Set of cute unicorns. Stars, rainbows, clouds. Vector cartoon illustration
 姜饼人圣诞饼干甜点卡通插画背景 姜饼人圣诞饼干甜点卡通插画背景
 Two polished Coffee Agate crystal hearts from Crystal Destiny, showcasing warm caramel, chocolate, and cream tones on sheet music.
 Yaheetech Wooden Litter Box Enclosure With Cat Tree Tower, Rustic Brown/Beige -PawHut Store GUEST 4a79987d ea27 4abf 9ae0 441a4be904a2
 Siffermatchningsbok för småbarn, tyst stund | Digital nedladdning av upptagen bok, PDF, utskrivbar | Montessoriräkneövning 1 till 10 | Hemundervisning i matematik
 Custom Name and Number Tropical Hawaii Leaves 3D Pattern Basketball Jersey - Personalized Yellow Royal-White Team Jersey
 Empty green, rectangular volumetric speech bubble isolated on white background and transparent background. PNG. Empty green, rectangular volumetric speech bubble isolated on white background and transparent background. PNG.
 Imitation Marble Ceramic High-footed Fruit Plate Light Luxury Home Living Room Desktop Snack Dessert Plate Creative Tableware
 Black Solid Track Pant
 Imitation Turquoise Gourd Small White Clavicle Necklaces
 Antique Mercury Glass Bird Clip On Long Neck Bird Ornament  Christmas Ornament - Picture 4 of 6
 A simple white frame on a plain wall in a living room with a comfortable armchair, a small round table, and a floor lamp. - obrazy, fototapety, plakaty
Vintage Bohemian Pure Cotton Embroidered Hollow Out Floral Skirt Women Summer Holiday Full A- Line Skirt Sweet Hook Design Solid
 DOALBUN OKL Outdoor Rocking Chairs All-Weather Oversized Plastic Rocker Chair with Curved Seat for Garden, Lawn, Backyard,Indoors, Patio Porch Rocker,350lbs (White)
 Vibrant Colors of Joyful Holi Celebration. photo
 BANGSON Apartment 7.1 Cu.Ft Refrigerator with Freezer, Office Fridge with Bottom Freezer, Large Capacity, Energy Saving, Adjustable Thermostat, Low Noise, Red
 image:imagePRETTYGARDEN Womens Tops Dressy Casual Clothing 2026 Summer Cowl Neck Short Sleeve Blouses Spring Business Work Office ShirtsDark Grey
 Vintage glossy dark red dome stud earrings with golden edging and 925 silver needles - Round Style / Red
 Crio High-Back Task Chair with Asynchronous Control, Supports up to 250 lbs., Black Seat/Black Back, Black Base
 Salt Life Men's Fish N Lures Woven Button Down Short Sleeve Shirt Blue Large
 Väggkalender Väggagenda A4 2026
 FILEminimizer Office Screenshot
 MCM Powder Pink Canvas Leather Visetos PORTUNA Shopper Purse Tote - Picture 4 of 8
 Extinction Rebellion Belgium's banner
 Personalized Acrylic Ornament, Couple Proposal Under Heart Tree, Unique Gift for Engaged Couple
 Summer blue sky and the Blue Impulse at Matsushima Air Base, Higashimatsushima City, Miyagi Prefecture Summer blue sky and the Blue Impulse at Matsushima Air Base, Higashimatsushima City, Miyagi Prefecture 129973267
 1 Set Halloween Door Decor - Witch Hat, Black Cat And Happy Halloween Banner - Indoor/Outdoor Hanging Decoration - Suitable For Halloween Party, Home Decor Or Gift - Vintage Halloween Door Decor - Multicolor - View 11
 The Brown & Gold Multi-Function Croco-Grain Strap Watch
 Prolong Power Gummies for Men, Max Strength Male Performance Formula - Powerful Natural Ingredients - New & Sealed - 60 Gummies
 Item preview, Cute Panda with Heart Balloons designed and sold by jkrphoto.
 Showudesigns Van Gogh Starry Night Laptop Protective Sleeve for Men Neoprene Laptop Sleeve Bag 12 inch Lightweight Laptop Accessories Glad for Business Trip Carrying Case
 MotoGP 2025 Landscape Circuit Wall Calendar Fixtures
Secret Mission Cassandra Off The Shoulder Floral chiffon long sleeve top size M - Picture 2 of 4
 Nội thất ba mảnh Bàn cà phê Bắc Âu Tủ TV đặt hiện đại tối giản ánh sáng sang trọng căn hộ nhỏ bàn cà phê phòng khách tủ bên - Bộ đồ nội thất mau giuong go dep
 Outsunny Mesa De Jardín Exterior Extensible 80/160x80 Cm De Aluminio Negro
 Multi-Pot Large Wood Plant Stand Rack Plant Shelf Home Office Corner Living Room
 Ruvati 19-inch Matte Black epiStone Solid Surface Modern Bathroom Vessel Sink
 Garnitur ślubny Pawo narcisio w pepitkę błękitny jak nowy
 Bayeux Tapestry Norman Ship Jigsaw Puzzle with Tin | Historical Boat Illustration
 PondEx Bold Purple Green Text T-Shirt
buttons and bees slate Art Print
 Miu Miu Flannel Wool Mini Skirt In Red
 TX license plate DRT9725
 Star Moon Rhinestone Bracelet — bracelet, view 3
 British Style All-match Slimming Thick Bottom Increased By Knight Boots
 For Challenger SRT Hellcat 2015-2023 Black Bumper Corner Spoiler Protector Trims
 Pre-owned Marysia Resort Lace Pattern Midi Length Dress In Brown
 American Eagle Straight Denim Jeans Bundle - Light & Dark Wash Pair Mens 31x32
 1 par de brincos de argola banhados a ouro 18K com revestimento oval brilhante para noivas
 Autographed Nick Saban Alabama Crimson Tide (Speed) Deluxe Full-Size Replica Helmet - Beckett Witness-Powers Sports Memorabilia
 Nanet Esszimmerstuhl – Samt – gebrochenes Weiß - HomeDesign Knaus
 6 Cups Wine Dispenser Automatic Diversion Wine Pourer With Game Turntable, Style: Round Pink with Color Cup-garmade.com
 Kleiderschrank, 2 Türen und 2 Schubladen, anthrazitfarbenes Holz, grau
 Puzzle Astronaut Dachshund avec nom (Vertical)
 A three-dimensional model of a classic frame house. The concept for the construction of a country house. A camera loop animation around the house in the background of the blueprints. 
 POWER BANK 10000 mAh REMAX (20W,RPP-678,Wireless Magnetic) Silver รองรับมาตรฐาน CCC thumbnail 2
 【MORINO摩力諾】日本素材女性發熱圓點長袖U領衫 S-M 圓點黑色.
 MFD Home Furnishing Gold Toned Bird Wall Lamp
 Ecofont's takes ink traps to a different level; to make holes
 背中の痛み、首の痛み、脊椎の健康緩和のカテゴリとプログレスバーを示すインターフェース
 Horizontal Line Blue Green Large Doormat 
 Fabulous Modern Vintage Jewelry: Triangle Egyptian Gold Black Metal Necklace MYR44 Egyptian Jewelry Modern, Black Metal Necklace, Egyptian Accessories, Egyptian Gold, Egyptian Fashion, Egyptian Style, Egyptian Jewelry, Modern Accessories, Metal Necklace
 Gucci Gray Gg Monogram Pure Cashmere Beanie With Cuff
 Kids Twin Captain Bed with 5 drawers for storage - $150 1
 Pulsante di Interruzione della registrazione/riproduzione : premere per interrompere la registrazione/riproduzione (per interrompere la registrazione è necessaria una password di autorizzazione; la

The task:
Complete, exact output of the records is expected.

Answer box:
Set of cute unicorns. Stars, rainbows, clouds. Vector cartoon illustration
 姜饼人圣诞饼干甜点卡通插画背景 姜饼人圣诞饼干甜点卡通插画背景
 Two polished Coffee Agate crystal hearts from Crystal Destiny, showcasing warm caramel, chocolate, and cream tones on sheet music.
 Yaheetech Wooden Litter Box Enclosure With Cat Tree Tower, Rustic Brown/Beige -PawHut Store GUEST 4a79987d ea27 4abf 9ae0 441a4be904a2
 Siffermatchningsbok för småbarn, tyst stund | Digital nedladdning av upptagen bok, PDF, utskrivbar | Montessoriräkneövning 1 till 10 | Hemundervisning i matematik
 Custom Name and Number Tropical Hawaii Leaves 3D Pattern Basketball Jersey - Personalized Yellow Royal-White Team Jersey
 Empty green, rectangular volumetric speech bubble isolated on white background and transparent background. PNG. Empty green, rectangular volumetric speech bubble isolated on white background and transparent background. PNG.
 Imitation Marble Ceramic High-footed Fruit Plate Light Luxury Home Living Room Desktop Snack Dessert Plate Creative Tableware
 Black Solid Track Pant
 Imitation Turquoise Gourd Small White Clavicle Necklaces
 Antique Mercury Glass Bird Clip On Long Neck Bird Ornament  Christmas Ornament - Picture 4 of 6
 A simple white frame on a plain wall in a living room with a comfortable armchair, a small round table, and a floor lamp. - obrazy, fototapety, plakaty
Vintage Bohemian Pure Cotton Embroidered Hollow Out Floral Skirt Women Summer Holiday Full A- Line Skirt Sweet Hook Design Solid
 DOALBUN OKL Outdoor Rocking Chairs All-Weather Oversized Plastic Rocker Chair with Curved Seat for Garden, Lawn, Backyard,Indoors, Patio Porch Rocker,350lbs (White)
 Vibrant Colors of Joyful Holi Celebration. photo
 BANGSON Apartment 7.1 Cu.Ft Refrigerator with Freezer, Office Fridge with Bottom Freezer, Large Capacity, Energy Saving, Adjustable Thermostat, Low Noise, Red
 image:imagePRETTYGARDEN Womens Tops Dressy Casual Clothing 2026 Summer Cowl Neck Short Sleeve Blouses Spring Business Work Office ShirtsDark Grey
 Vintage glossy dark red dome stud earrings with golden edging and 925 silver needles - Round Style / Red
 Crio High-Back Task Chair with Asynchronous Control, Supports up to 250 lbs., Black Seat/Black Back, Black Base
 Salt Life Men's Fish N Lures Woven Button Down Short Sleeve Shirt Blue Large
 Väggkalender Väggagenda A4 2026
 FILEminimizer Office Screenshot
 MCM Powder Pink Canvas Leather Visetos PORTUNA Shopper Purse Tote - Picture 4 of 8
 Extinction Rebellion Belgium's banner
 Personalized Acrylic Ornament, Couple Proposal Under Heart Tree, Unique Gift for Engaged Couple
 Summer blue sky and the Blue Impulse at Matsushima Air Base, Higashimatsushima City, Miyagi Prefecture Summer blue sky and the Blue Impulse at Matsushima Air Base, Higashimatsushima City, Miyagi Prefecture 129973267
 1 Set Halloween Door Decor - Witch Hat, Black Cat And Happy Halloween Banner - Indoor/Outdoor Hanging Decoration - Suitable For Halloween Party, Home Decor Or Gift - Vintage Halloween Door Decor - Multicolor - View 11
 The Brown & Gold Multi-Function Croco-Grain Strap Watch
 Prolong Power Gummies for Men, Max Strength Male Performance Formula - Powerful Natural Ingredients - New & Sealed - 60 Gummies
 Item preview, Cute Panda with Heart Balloons designed and sold by jkrphoto.
 Showudesigns Van Gogh Starry Night Laptop Protective Sleeve for Men Neoprene Laptop Sleeve Bag 12 inch Lightweight Laptop Accessories Glad for Business Trip Carrying Case
 MotoGP 2025 Landscape Circuit Wall Calendar Fixtures
Secret Mission Cassandra Off The Shoulder Floral chiffon long sleeve top size M - Picture 2 of 4
 Nội thất ba mảnh Bàn cà phê Bắc Âu Tủ TV đặt hiện đại tối giản ánh sáng sang trọng căn hộ nhỏ bàn cà phê phòng khách tủ bên - Bộ đồ nội thất mau giuong go dep
 Outsunny Mesa De Jardín Exterior Extensible 80/160x80 Cm De Aluminio Negro
 Multi-Pot Large Wood Plant Stand Rack Plant Shelf Home Office Corner Living Room
 Ruvati 19-inch Matte Black epiStone Solid Surface Modern Bathroom Vessel Sink
 Garnitur ślubny Pawo narcisio w pepitkę błękitny jak nowy
 Bayeux Tapestry Norman Ship Jigsaw Puzzle with Tin | Historical Boat Illustration
 PondEx Bold Purple Green Text T-Shirt
buttons and bees slate Art Print
 Miu Miu Flannel Wool Mini Skirt In Red
 TX license plate DRT9725
 Star Moon Rhinestone Bracelet — bracelet, view 3
 British Style All-match Slimming Thick Bottom Increased By Knight Boots
 For Challenger SRT Hellcat 2015-2023 Black Bumper Corner Spoiler Protector Trims
 Pre-owned Marysia Resort Lace Pattern Midi Length Dress In Brown
 American Eagle Straight Denim Jeans Bundle - Light & Dark Wash Pair Mens 31x32
 1 par de brincos de argola banhados a ouro 18K com revestimento oval brilhante para noivas
 Autographed Nick Saban Alabama Crimson Tide (Speed) Deluxe Full-Size Replica Helmet - Beckett Witness-Powers Sports Memorabilia
 Nanet Esszimmerstuhl – Samt – gebrochenes Weiß - HomeDesign Knaus
 6 Cups Wine Dispenser Automatic Diversion Wine Pourer With Game Turntable, Style: Round Pink with Color Cup-garmade.com
 Kleiderschrank, 2 Türen und 2 Schubladen, anthrazitfarbenes Holz, grau
 Puzzle Astronaut Dachshund avec nom (Vertical)
 A three-dimensional model of a classic frame house. The concept for the construction of a country house. A camera loop animation around the house in the background of the blueprints. 
 POWER BANK 10000 mAh REMAX (20W,RPP-678,Wireless Magnetic) Silver รองรับมาตรฐาน CCC thumbnail 2
 【MORINO摩力諾】日本素材女性發熱圓點長袖U領衫 S-M 圓點黑色.
 MFD Home Furnishing Gold Toned Bird Wall Lamp
 Ecofont's takes ink traps to a different level; to make holes
 背中の痛み、首の痛み、脊椎の健康緩和のカテゴリとプログレスバーを示すインターフェース
 Horizontal Line Blue Green Large Doormat 
 Fabulous Modern Vintage Jewelry: Triangle Egyptian Gold Black Metal Necklace MYR44 Egyptian Jewelry Modern, Black Metal Necklace, Egyptian Accessories, Egyptian Gold, Egyptian Fashion, Egyptian Style, Egyptian Jewelry, Modern Accessories, Metal Necklace
 Gucci Gray Gg Monogram Pure Cashmere Beanie With Cuff
 Kids Twin Captain Bed with 5 drawers for storage - $150 1
 Pulsante di Interruzione della registrazione/riproduzione : premere per interrompere la registrazione/riproduzione (per interrompere la registrazione è necessaria una password di autorizzazione; la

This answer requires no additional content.